I have been looking at this for some time now. I wish Lowe's had come out with this while I was remodeling the main floor of the house (hardwood flooring, new base, chair, crown in all the rooms). It sure beats dragging a compressor from room to room and having an air line dragging on the gun when trying to install crown.

Thanks for the review.


----------



## MsDebbieP

what a great idea. The $10 for a refill would make me question the purchase but then I think of the number of times I wanted to use the air gun but it was too much work to get the big tank out and get it ready….... for those quick and short tasks, it does seem like a great buy


----------



## Dadoo

I thought dragging a portable air tank around was inventive but this little guy clips to your belt! Definately on my wish list.


----------



## bbrooks

Too bad they do not make refillable canisters, ones that you could fill yourself from your own compressor. That would be really great.


----------



## Loren

When I was doing cabinet installations I was always embarrassed
by the noise of my compressor if the client was around.

I didn't want to invest in cordless guns because I really
liked the ones I had and couldn't see buying cordless for
the truck and leaving the air nailers in the shop.
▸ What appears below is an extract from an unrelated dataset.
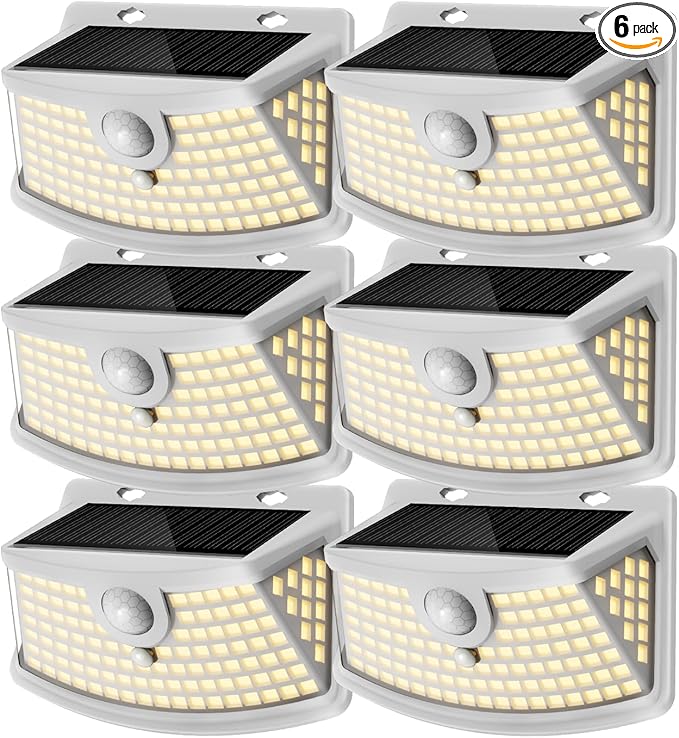 Aootek New Solar Motion Sensor Lights 120 LEDs with Lights Reflector270° Wide Angle IP65 Waterproof Step Lights for Front Door Yard Garage Deck (White Warm White 6-Pack)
I'm moving across the country and I am keeping my nailers
but on the fence about the compressors. Maybe this
is a good option.


----------



## Tim_456

I have this system and for the most part it works ok. I've had trouble with the regulator and the gauge. If you don't have the tank seated very tightly the gauge will go from 0lbs to red line as the tank wobbles in the housing. Also, I found that I didn't get nearly the number of nails out of it that they advertise. Plus I didn't really like having to pay to refill the cartriges. All in all I gave this three stars. I did, however, get a bit frustrated with it and bought a 5 gallon tank from Sears for $25.00, added some valves and fittings and made my own portable, re-fillable tank for about $35.00. With 5 gallons at 130lbs I run out of work before air and refills are easy from my compressor. The 5 gallon tank is very portable and handles all my jobs in the house.


----------



## gwurst

You can buy kits off eBay that will allow you to refill the CO2 canisters:

http://cgi.ebay.com/Paintball-CO2-Tank-Bottle-Fill-Refill-Station-Kobalt_W0QQitemZ280248415414QQcmdZViewItem?hash=item280248415414&_trksid=p3286.m14.l1318


----------



## woodspar

I did not know about these. Thanks for your review.


----------



## SteveKorz

I had no idea these existed… cooool

Thanks


----------



## brunob

I think I'll give these a second look.


----------